Bondi's office declined to comment further this week, saying it would not remark on an ongoing matter. But at least one Florida diocese indicated that the effort has moved past the exploration phase and into a full inquiry.
"The Diocese of St. Petersburg has been contacted by the statewide prosecutor from the Attorney General and will cooperate with the inquiry," a diocesan representative told RNS in an email.
The dioceses of Venice, St. Augustine, Pensacola-Tallahassee and Palm Beach also confirmed they would cooperate with any inquiry made by Florida law enforcement or the attorney general. A representative from the Miami archdiocese did not mention any ongoing investigations but said state attorneys had already reviewed all of the Miami and Broward County dioceses' clergy files in 2002.

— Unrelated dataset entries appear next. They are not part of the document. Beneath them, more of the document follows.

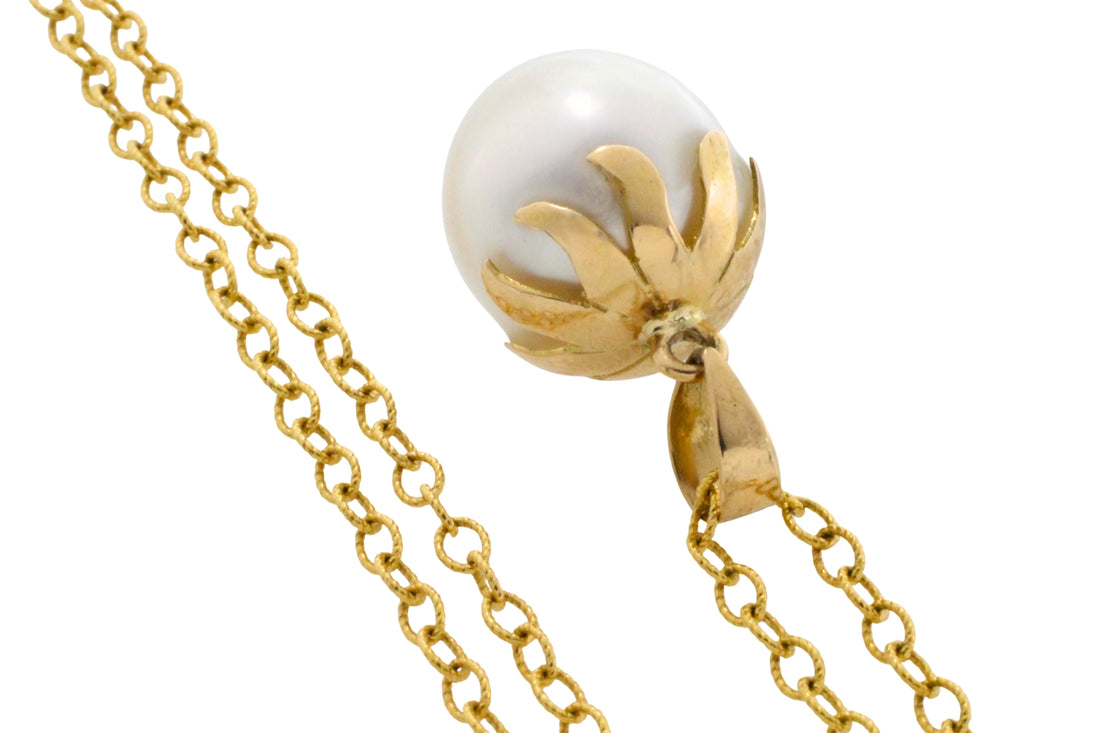 Pearl pendant and chain in 14 carat gold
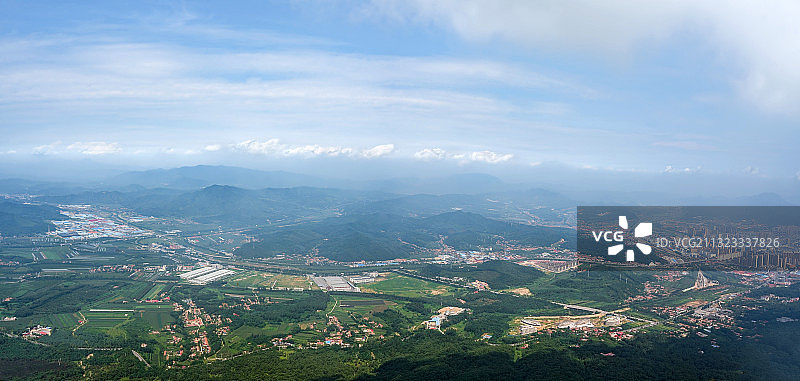 辽宁省丹东市凤城市凤凰山风景区俯瞰凤城市全貌图片素材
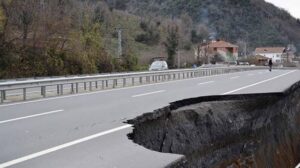 Kdz.Ereğli-Akçakoca yolunda 12km göçük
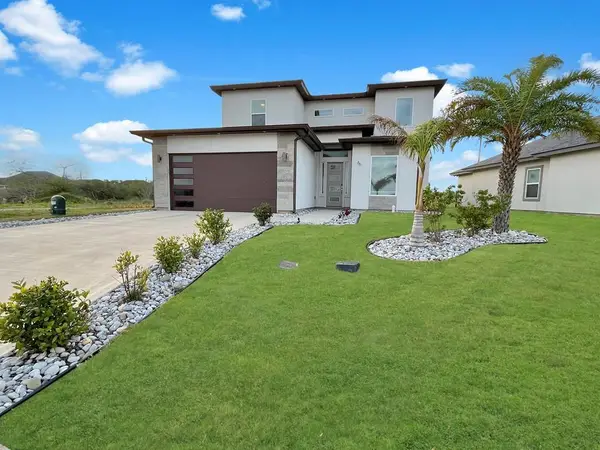 86 Bethpage Dr., Laguna Vista, TX 78578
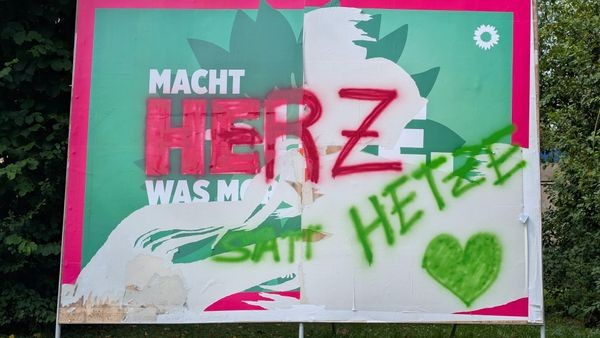 Beschädigtes Wahlplakat der Grünen: So kreativ wird die Partei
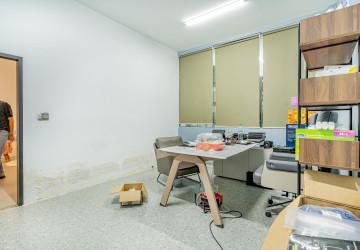 233 Sqm Retail Space For Rent - Chakto Mukh, Phnom Penh thumbnail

In Missouri, the St. Louis archdiocese voluntarily offered up its files on Aug. 23 for inspection by state Attorney General Josh Hawley. The proposal was unusual: The jurisdiction for child sex abuse crimes in Missouri technically lies with an elected local prosecutor.
But since the archdiocese offered up the files voluntarily, Hawley agreed, and he announced a formal "independent review" of the files by his office. The Kansas City-St. Joseph diocese, another diocese in the state, promptly declared it would also "cooperate with any review the attorney general requests."
The trend spread: A spokesperson for the Jefferson City diocese told RNS it is "working with the Missouri attorney general in having a review of our files, along with the other three Missouri arch/dioceses, which include St. Louis, Kansas City-St. Joseph and Springfield-Cape Girardeau."
Meanwhile, in Illinois, Attorney General Lisa Madigan announced plans last month to meet with the Chicago archdiocese and reach out to the other dioceses in Illinois, saying she "expect(s) the bishops will agree and cooperate fully."
She said in a press release that if dioceses refused to comply, she would "work with states' attorneys and law enforcement throughout Illinois to investigate."
A spokesperson for the attorney general's office said the probe was triggered by the Pennsylvania grand jury report.
"It really is in direct response to the report that named at least seven priests that had a direct connection to Illinois at some point," the spokesperson said.
Madigan, who last year initiated the elimination of Illinois' statute of limitations on child sex abuse crimes, also created a hotline specifically for allegations of clergy abuse.
Victims of clergy sexual abuse, or their family members, react as Pennsylvania Attorney General Josh Shapiro speaks during a news conference at the Pennsylvania Capitol in Harrisburg on Aug. 14. (AP/Matt Rourke)
The Chicago archdiocese said it plans to meet with the attorney general but claimed law enforcement officials reviewed its clergy files three times — in 1992, 2002 and 2015 — and noted that files detailing allegations of abuse by priests are already published on the archdiocese's website.
"We have been contacted by the Illinois Attorney General and look forward to discussing our policies and procedures related to misconduct issues with her and her office," read a statement from the archdiocese. "We have worked cooperatively with the Cook County and Lake County State's Attorneys for many years."
Other Illinois dioceses offered similar answers but declined to comment further for fear of interfering with the attorney general's effort.
It remains to be seen whether any of the state-level inquiries will produce the kind of bombshell that came out of Pennsylvania. None appears to be led by a grand jury, for instance, and it's unclear what, if any, new allegations will surface.
But for now, the broader trend of investigating the American Catholic Church seems far from over.